La liste des participants, que j'espère correcte se trouve sur un blog dédié à ce seul usage http://rendezvousdesvases.blogspot.com pour simplifier les choses pour les participants
11 commentaires:
Un beau texte, sans sensiblerie, chantant, évident de pudeur , en recherche d'amour.
délicat et touchant - suis ravie
Château de chambres... oui, visites vers autrefois.
@ brigetoun : très beau, votre texte + photos.
La vie est un pêle-mêle.
grand merci pour les deux, Dominique - sommes presque jumelles, enfin presque
Presque jumelles dans ce pêle-mêle...
Comme un livre de chevet qui se lit dans l'intimité et dans la solitude. Fort bien inspiré ce texte nous ouvre de belles avenues pour poursuivre le rêve.
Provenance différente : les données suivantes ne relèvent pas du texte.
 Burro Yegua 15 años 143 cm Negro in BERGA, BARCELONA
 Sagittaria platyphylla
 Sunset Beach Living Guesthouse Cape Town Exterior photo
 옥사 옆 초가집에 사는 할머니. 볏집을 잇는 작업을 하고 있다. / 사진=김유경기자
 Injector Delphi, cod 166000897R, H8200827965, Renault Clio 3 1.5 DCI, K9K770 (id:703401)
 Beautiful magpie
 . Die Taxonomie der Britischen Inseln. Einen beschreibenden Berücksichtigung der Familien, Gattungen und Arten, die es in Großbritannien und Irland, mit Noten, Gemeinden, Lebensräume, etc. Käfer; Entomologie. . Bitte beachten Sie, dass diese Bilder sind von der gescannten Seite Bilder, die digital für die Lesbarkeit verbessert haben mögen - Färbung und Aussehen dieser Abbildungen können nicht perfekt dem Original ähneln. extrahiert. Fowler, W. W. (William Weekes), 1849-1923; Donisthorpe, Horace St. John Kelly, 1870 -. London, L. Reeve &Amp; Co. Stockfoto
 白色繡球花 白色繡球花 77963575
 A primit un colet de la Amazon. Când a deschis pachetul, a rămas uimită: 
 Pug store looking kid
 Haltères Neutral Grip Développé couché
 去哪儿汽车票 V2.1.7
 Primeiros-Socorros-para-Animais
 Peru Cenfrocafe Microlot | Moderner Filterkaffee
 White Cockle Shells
Et j'imagine la délicatesse de ce papier Vélin bien blanc sous lequel on place une feuille barrée de lignes bleu foncé...
Paumée, c'est une expérience comme la lecture des Essais, avec les inventions humaines qui offrent la possibilité de partager dans le temps, et se montrer comme on est, et être une femme. Nous sommes tous tellement masqués !
C'est vrai, nous partageons une voix, au-delà des mots, un genre d'évidence.
merci pour Sabine - j'ai de la chance
C'est moi qui ai de la chance, merci Brigitte d'être chez moi.